The Brexit shock of 2016 and the chaos of the UK General Election vote a year later led to a turbulent time for politics in Great Britain. The withdrawal from the EU remains a protracted and unclear process at times but, while the end is not in sight just yet, it finally it looks as if the country is heading for a period of relative stability.
That will come as good news for a population that are getting seriously tired of Brexit and all its implications. Even many of those who voted to stay in the EU will be glad when the process is at and end and they can pick up a newspaper or go online without having to hear any more about it.
While the unrest continued, the UK economy faced uncertain times but one area that took an instant hit was the currency markets. The pound plummeted against the Dollar, the Euro and all other major currencies around the globe and forex traders entered a busy period as a result.

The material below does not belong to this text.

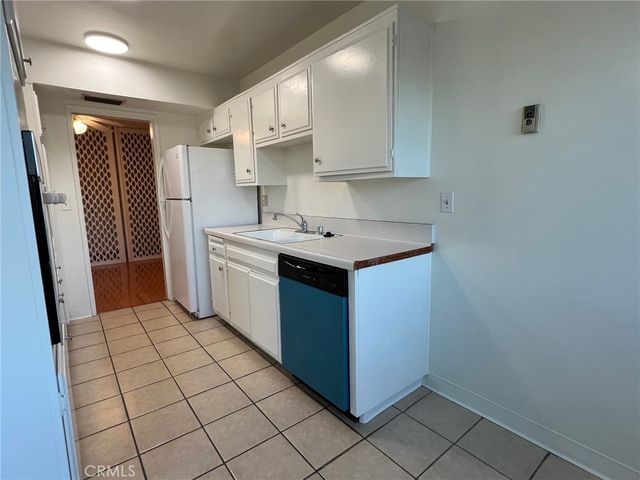 1301 S Atlantic B424, Monterey Park, CA 91754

In recent weeks, the Trump Presidency has had its own issues and the Pound has held relatively firm against it as a result. With the Euro however, European elections have only led to stability: Political bettors may be looking for the next shock post Trump and Brexit but in Germany, France and the Netherlands, the favourites in each case have been elected so there has been no political instability and no concerns over the Euro’s strength in any of the currency markets in the weeks following those elections.
Hold on to Power
For the stability to remain post-Brexit, the next issue for this minority Conservative government is to stay in power and avoid the possibility of another General Election. Calls for another poll are a little quieter but the potential for another vote in 2018 remains.
Any form of unrest could also have an impact on the exchange rates so current Prime Minister Theresa May will also want to avoid a leadership battle. Calls for May to step down after her ill-judged election announcement continue to filter through the news feeds and despite remaining such a controversial figure, suggestions that Foreign Secretary Boris Johnson will take over are still occupying a fair amount of column inches.
That may never materialise but the point is that the UK is desperate for a period of stability. May’s speech on Brexit in Florence is highly unlikely to achieve that for the time being, particularly as it contained reports of an extended period for the UK and the EU to finally part ways.
There isn’t a great deal that can be done with that situation but the current Prime Minister needs to hang on to office for now, no matter how unpopular a decision that may be. This isn’t the strong and stable government that the Tories promised us prior to the June election but any form of continuity is vital in order to avoid further currency falls and an economic disaster.